« Une rupture de services » pour les personnes souffrant de troubles alimentaires
Par Journal-le-nord
Annie Aimée et Christophe Maïano, professeurs au département de psychoéducation à l’Université du Québec en Outaouais – Campus de Saint-Jérôme travaillent depuis trois ans à la direction d’un livre portant sur les troubles alimentaires, qui est paru lors de la journée mondiale de la sensibilisation aux troubles alimentaires, le 2 juin dernier.

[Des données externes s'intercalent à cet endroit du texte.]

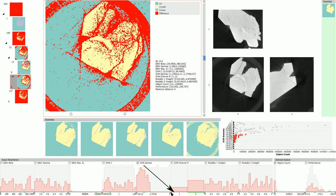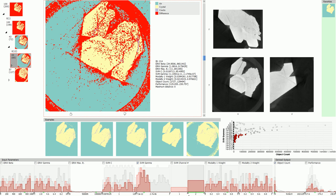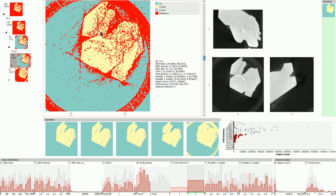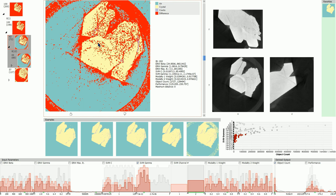We filter for the higher SVM channel number in the histogram to further investigate this possible correlation. The cluster tree view shows the filtered cluster representatives. They are calculated only from matching label images. Now the artifacts are not visible anymore. We therefore conclude that the value of 2 needs to be used for the SVM channel parameter to avoid this artifact.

Les troubles des conduites alimentaires – Du diagnostic aux traitements, regroupe la participation de plus de 60 auteurs provenant de plusieurs domaines tels que la médecine, la nutrition, la kinésiologie ou psychologie, mais également de plusieurs pays. « On voulait mettre à profit l’expertise de plusieurs personnes et à la fois, apprendre des spécialisations de chacun », explique Annie Aimée, codirectrice du livre. Ce dernier adresse le problème de A à Z, commençant par le diagnostic et allant jusqu’au traitement. Cet ouvrage collectif est par ailleurs le premier sur le sujet à être produit en français. Il s’adresse principalement aux intervenants en santé qui souhaiteraient avoir une approche plus sensible et adaptée aux personnes souffrant de ces troubles, selon Annie Aimée.
Les effets du confinement
Alors que le confinement est une période difficile pour plusieurs, la situation l’est d’autant plus pour les personnes vivant avec des troubles alimentaires, qui n’ont pas accès aux ressources dont elles auraient besoin. « L’intervention est plus complexe et même que pour certains, il n’y en a plus actuellement puisqu’elle ne peut pas être maintenue. Il y en a pour qui c’est très important de voir leur intervenant en personne, c’est une question de préférence. Il y a même des craintes chez certains de se rendre à l’hôpital. Par conséquent, cela crée une rupture de la continuité des services. En perdant ce filet de sécurité, ils peuvent se mettre à avoir des comportements alimentaires problématiques, qui reviennent ou qui s’intensifient. Tout cela est combiné à un stress et une anxiété qui amènent un risque de recourir à des comportements alimentaires pour se calmer. » Selon Annie Aimée, les habitudes quotidiennes de vie, comme l’alimentation et l’exercice, ont été affectées par la pandémie pour tout le monde, mais cela a des conséquences plus particulières sur les personnes souffrant de troubles alimentaires qui voient leur facteur de risque augmenter. « Il y a un changement dans les habitudes de vies qui vient mettre une pression sur ce trouble alimentaire en particulier », souligne la professeure.
Un chemin à faire
Toutefois, Annie Aimée mentionne, et c’est abordé dans le livre, que même en temps « normal », l’accessibilité des services est réduite pour ces personnes puisqu’il n’y a pas beaucoup de fonds disponibles. Ainsi, il y a seulement un nombre limité de personnes qui ont accès aux services, et les hôpitaux ou programmes doivent faire des choix, c’est-à-dire prendre des individus qui sont dans un état plus grave. « Certains vivent des troubles alimentaires et ont des risques pour leur santé, mais ils n’entrent pas dans la catégorie des plus à risque. Alors ces gens ne peuvent donc pas recevoir de services gratuits et doivent plutôt se tourner vers des cliniques privées, qui sont parfois coûteuses et où le service ne peut pas être aussi fréquent qu’au public. » Elle croit qu’il y a nécessairement une démarche à faire au gouvernement pour améliorer l’accessibilité à ces services.